> Exercise goal: Go to the line containing "Memorial Day Speaker, 2011" below; retype it and all following lines exactly, and leave out the pictures.

> Information shown:
---*---

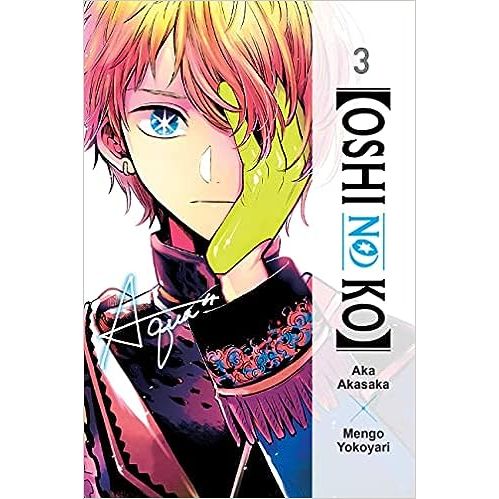 Yen Press: Oshi No Ko, Vol. 3 | Galactic Toys & Collectibles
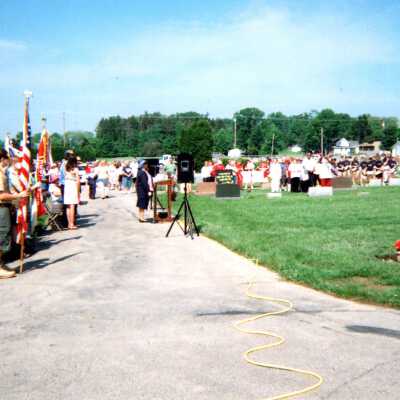 Memorial Day Speaker, 2011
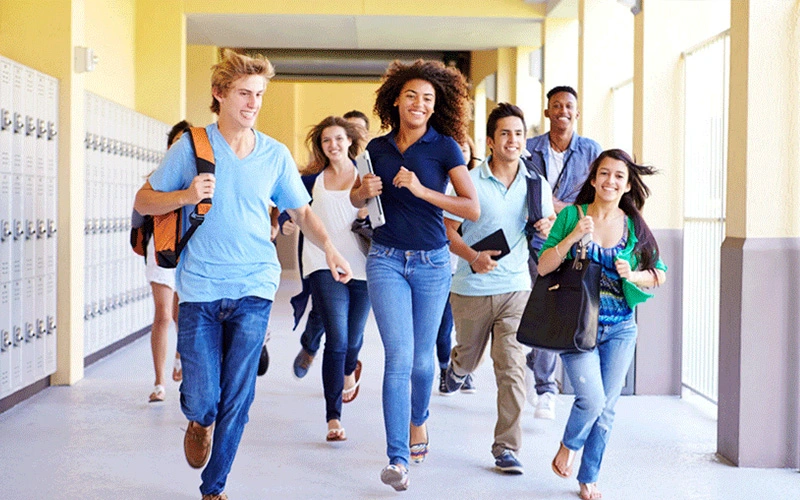 Những ưu điểm khi cho con du học Mỹ lớp 10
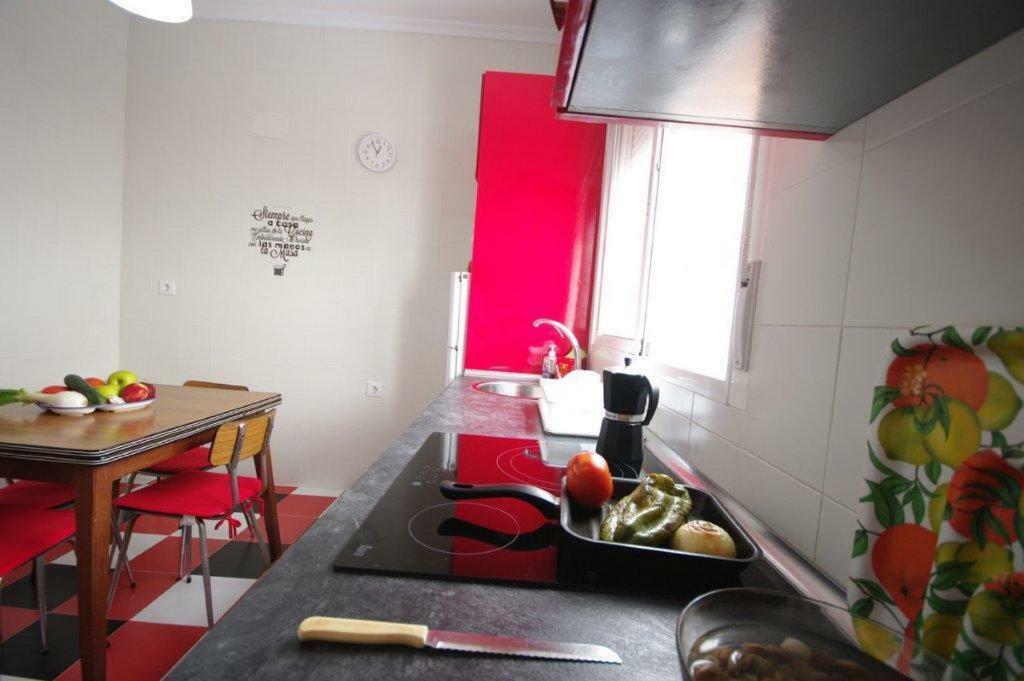 Casa Lepanto Villa Tarifa Ngoại thất bức ảnh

---*---

> Output:
 Memorial Day Speaker, 2011
 Những ưu điểm khi cho con du học Mỹ lớp 10
 Casa Lepanto Villa Tarifa Ngoại thất bức ảnh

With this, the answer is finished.